-- Records to use --
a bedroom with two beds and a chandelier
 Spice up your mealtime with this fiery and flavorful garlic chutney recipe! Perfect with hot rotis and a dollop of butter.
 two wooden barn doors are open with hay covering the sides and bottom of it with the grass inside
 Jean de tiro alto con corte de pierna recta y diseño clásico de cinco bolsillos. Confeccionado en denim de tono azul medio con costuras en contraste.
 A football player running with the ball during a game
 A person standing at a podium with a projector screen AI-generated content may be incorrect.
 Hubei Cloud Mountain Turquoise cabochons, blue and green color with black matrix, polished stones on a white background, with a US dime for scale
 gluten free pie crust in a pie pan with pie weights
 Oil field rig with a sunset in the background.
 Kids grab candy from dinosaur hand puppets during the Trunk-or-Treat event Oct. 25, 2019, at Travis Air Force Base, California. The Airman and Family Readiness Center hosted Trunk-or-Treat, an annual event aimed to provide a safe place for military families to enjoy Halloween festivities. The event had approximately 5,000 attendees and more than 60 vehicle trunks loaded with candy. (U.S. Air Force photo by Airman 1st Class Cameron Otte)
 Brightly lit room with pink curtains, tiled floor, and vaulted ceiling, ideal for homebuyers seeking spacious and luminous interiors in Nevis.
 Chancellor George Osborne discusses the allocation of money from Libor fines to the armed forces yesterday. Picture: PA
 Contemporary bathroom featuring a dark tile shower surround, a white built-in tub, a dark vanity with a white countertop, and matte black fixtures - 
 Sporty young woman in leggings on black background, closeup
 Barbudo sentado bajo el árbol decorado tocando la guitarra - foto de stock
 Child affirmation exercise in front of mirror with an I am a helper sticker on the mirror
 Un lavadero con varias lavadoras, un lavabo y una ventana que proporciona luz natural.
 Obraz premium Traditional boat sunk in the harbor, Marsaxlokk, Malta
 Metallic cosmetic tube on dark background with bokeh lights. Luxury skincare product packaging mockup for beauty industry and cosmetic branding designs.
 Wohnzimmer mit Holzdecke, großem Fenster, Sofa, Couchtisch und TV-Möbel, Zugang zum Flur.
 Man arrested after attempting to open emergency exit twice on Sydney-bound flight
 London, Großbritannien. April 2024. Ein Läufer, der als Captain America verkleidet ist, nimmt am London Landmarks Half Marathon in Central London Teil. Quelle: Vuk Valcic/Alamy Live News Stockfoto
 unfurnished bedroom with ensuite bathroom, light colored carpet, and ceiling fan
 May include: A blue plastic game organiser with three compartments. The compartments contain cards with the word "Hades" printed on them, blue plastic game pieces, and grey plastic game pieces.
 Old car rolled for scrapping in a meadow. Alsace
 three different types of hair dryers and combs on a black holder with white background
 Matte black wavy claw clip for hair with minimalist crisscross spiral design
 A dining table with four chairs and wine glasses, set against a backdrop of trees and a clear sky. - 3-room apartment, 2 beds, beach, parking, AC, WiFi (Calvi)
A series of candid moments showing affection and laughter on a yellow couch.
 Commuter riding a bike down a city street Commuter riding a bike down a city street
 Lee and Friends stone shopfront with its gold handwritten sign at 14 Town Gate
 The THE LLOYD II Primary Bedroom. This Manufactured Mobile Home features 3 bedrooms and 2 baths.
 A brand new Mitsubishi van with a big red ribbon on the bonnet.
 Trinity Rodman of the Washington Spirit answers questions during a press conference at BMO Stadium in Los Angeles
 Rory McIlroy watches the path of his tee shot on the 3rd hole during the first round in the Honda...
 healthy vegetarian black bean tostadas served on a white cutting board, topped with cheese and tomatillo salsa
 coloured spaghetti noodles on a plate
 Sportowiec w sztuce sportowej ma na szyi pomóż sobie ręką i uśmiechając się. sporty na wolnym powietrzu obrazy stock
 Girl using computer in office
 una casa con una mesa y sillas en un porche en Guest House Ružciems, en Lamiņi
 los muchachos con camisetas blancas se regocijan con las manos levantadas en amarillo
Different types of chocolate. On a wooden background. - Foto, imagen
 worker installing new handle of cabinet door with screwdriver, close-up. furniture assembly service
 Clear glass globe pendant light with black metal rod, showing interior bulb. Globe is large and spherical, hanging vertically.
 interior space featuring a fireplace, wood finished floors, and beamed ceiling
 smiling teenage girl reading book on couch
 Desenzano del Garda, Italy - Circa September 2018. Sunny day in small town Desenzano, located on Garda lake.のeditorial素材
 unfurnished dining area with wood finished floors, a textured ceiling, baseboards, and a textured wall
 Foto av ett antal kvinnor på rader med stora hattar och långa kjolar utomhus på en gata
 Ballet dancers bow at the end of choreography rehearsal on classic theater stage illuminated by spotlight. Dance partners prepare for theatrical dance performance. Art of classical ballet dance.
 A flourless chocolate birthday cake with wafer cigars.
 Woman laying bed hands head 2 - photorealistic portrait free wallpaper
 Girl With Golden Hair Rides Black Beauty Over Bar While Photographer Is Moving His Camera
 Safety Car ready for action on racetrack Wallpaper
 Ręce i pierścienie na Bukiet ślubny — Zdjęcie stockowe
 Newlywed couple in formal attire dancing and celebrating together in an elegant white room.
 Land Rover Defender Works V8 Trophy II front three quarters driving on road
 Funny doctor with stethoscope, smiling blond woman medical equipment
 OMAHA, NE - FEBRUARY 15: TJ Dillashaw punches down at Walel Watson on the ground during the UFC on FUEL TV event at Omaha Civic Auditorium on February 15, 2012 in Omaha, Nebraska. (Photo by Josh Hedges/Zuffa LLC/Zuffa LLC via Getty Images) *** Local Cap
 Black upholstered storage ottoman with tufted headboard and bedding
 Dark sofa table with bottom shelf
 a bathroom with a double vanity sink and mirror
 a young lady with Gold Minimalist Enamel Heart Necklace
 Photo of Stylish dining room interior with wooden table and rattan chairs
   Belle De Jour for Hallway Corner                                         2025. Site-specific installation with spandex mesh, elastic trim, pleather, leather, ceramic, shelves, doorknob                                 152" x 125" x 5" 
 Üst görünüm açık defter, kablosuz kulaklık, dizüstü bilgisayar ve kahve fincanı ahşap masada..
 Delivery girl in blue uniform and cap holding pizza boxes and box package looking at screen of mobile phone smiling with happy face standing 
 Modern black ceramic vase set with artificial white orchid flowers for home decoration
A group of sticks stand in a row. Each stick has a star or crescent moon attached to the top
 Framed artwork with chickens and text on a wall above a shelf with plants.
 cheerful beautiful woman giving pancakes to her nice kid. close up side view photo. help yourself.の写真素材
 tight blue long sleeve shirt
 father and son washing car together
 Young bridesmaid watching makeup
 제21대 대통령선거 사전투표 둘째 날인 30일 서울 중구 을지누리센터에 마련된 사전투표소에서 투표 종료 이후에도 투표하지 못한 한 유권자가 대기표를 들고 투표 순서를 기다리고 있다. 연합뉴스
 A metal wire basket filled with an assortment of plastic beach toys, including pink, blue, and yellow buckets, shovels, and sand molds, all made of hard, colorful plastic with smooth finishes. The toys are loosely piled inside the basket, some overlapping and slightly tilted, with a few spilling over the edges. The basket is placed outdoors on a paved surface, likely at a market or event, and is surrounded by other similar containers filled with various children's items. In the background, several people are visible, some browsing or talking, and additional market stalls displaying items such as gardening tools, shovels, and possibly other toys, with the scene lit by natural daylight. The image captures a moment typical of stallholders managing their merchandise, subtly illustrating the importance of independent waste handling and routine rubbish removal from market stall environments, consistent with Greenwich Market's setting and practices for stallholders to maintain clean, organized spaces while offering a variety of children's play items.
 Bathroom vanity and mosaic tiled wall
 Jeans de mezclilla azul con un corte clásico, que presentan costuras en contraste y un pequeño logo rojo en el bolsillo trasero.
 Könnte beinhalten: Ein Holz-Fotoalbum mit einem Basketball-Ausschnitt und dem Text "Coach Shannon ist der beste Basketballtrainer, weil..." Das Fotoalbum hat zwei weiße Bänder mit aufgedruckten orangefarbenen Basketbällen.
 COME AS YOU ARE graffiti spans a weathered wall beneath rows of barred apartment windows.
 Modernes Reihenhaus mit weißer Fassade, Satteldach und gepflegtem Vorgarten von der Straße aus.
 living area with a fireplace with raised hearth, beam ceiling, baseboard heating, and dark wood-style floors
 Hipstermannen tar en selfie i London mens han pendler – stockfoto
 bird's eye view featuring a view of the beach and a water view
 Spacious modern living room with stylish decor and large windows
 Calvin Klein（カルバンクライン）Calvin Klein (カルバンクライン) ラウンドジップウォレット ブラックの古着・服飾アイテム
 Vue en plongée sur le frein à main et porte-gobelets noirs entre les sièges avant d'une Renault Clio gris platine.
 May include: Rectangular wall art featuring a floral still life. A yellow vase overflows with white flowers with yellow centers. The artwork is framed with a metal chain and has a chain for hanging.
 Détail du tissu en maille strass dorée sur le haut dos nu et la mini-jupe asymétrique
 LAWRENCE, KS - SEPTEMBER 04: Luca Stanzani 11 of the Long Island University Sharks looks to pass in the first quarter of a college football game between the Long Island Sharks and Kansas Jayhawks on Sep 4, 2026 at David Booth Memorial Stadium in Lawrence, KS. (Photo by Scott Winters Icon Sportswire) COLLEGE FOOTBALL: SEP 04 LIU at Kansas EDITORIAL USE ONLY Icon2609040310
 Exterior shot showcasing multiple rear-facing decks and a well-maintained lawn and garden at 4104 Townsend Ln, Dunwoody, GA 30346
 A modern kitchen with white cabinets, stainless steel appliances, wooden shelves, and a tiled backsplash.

-- What you will do --
Look for the line with "Calvin Klein（カルバンクライン）Calvin Klein" in the records above. Repeat it and each line after it exactly.

-- Exercise solution --
 Calvin Klein（カルバンクライン）Calvin Klein (カルバンクライン) ラウンドジップウォレット ブラックの古着・服飾アイテム
 Vue en plongée sur le frein à main et porte-gobelets noirs entre les sièges avant d'une Renault Clio gris platine.
 May include: Rectangular wall art featuring a floral still life. A yellow vase overflows with white flowers with yellow centers. The artwork is framed with a metal chain and has a chain for hanging.
 Détail du tissu en maille strass dorée sur le haut dos nu et la mini-jupe asymétrique
 LAWRENCE, KS - SEPTEMBER 04: Luca Stanzani 11 of the Long Island University Sharks looks to pass in the first quarter of a college football game between the Long Island Sharks and Kansas Jayhawks on Sep 4, 2026 at David Booth Memorial Stadium in Lawrence, KS. (Photo by Scott Winters Icon Sportswire) COLLEGE FOOTBALL: SEP 04 LIU at Kansas EDITORIAL USE ONLY Icon2609040310
 Exterior shot showcasing multiple rear-facing decks and a well-maintained lawn and garden at 4104 Townsend Ln, Dunwoody, GA 30346
 A modern kitchen with white cabinets, stainless steel appliances, wooden shelves, and a tiled backsplash.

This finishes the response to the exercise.